Thanks! - Jake Roggenbuck

Show context
semiquaver ◴[] No.45035198[source]

  > Regolith attempts to be a drop-in replacement for RegExp and requires minimal (to no) changes to be used instead
vs

  > Since Regolith uses Rust bindings to implement the Rust Regex library to achieve linear time worst case, this means that backreferences and look-around aren't available in Regolith either.
Obviously it cannot be a drop-in replacement if the regex dialect differs. That it has a compatible API is not the only relevant factor. I’d recommend removing the top part from the readme.

Another thought: since backreferences and lookaround are the features in JS regexes which _cause_ ReDOS, why not just wrap vanilla JS regex, rejecting patterns including them? Wouldn’t that achieve the same result in a simpler way?

replies(4): >>45035253 #>>45035264 #>>45035460 #>>45035828 #
1. bbor ◴[] No.45035828[source]
Totally agree -- those are two incredibly useful features of regex[1][2] that are often effectively irreplaceable. I could see this being a straightforward tradeoff for applications that know for sure they don't need complex regexes but still must accept patterns written by the client for some reason(?), but otherwise this seems like a hell of a way to go to replace a `timeout` wrapper.
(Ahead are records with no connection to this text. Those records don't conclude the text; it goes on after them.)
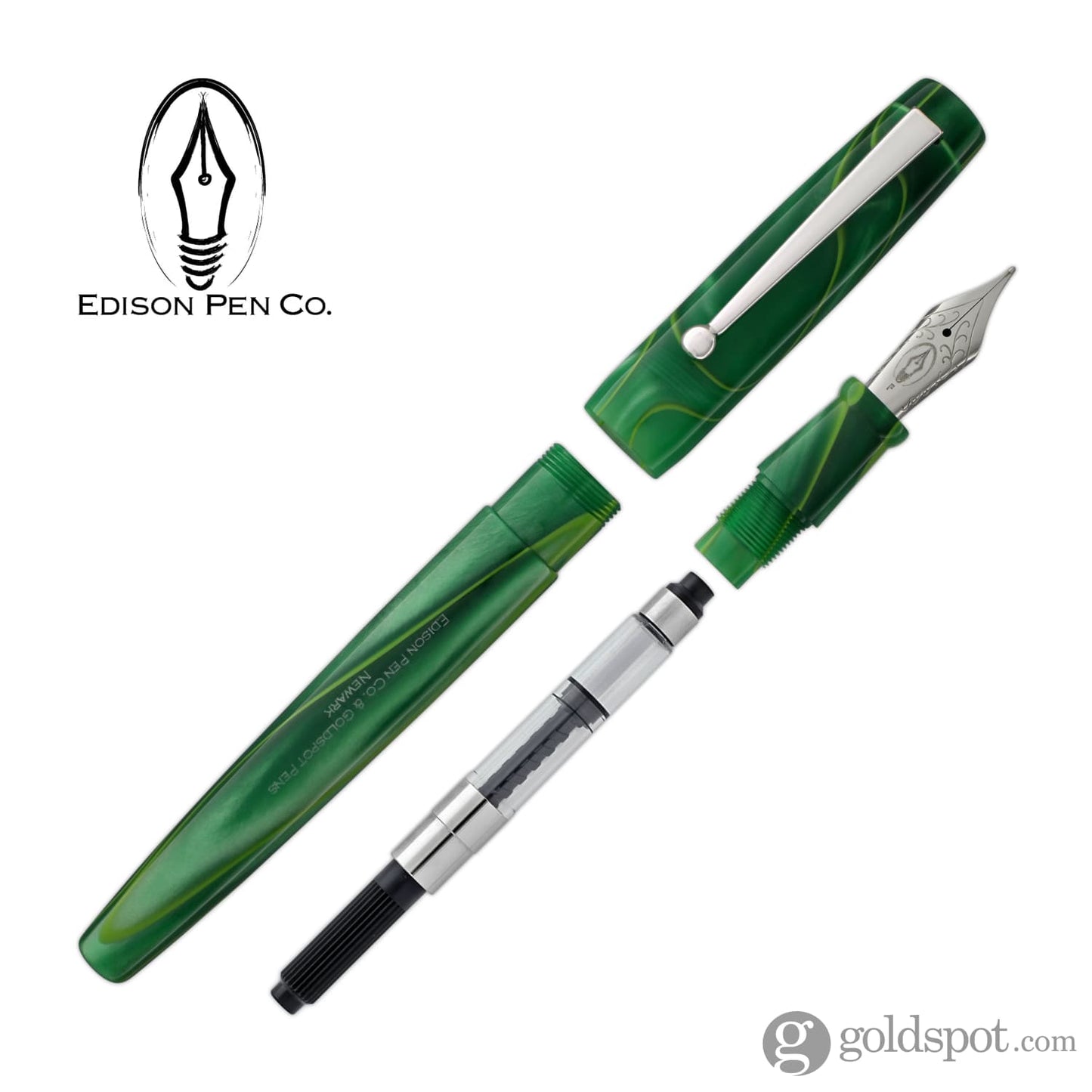 Edison x Goldspot Pens Newark Fountain Pen in AC High Voltage Green Fountain Pen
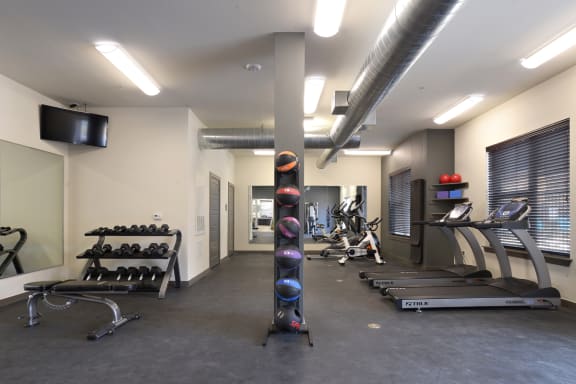 a gym with weights and other exercise equipment and a television at The Liberty Lofts, Gainesville, Texas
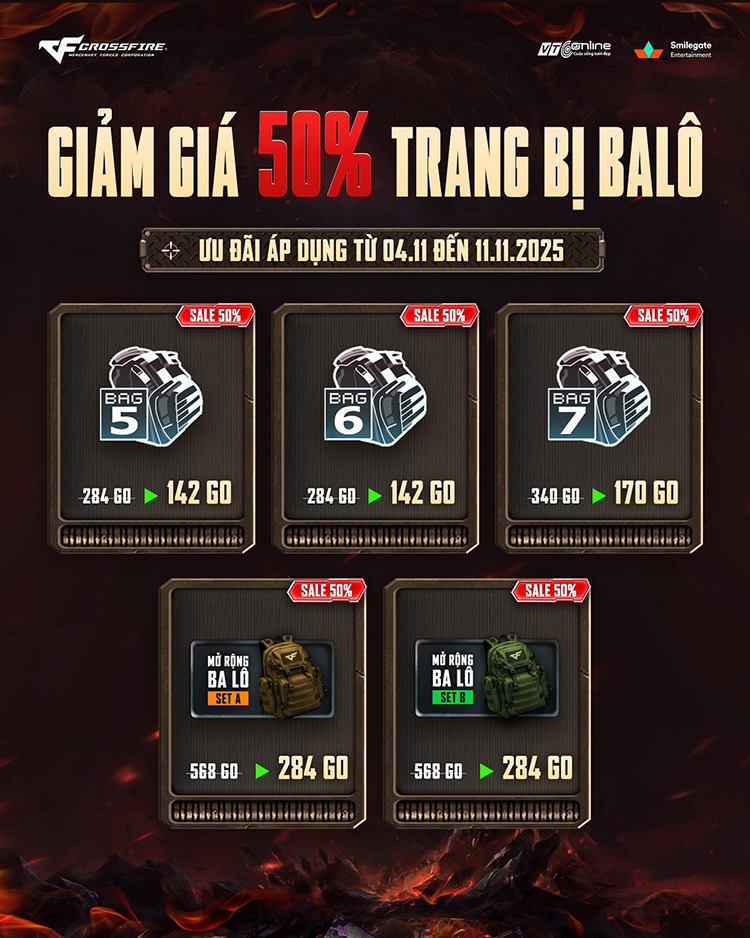 Giảm giá 50% cho balo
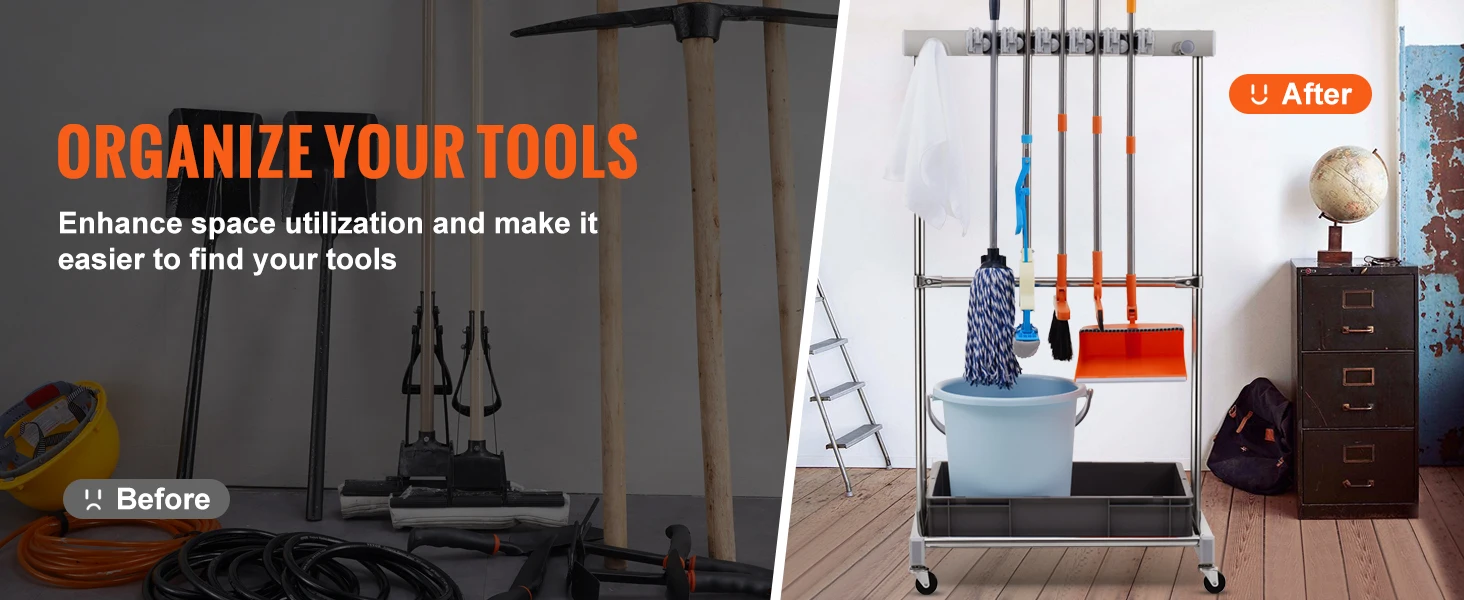 SucceBuy Garden Tool Organizer Yard Tool Tower Rack 10 Slots with Hook & Wheels Broom Storage for Garage Outdoor Organization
This paragraph in particular seems very wholesome, but misguided in light of the tradeoff:

  Having a library or project that is immune to these vulnerabilities would save this effort for each project that adopted it, and would save the whole package ecosystem that effort if widely adopted.
Honestly, the biggest shock here for me is that Rust doesn't support these. Sure, Python has yet to integrate the actually-functional `regex`[3] into stdlib to replace the dreadfully under-specced `re`, but Rust is the new kid on the block! I guess people just aren't writing complex regexes anymore...[4]

RE:simpler wrapper, I personally don't see any reason it wouldn't work, and dropping a whole language seems like a big win if it does. I happened to have some scaffolding on hand for the cursed, dark art of metaregexes, so AFAICT, this pattern would work for a blanket ban: https://regexr.com/8gplg Ironically, I don't think there's a way to A) prevent false-positives on triple-backslashes without using lookarounds, or B) highlight the offending groups in full without backrefs!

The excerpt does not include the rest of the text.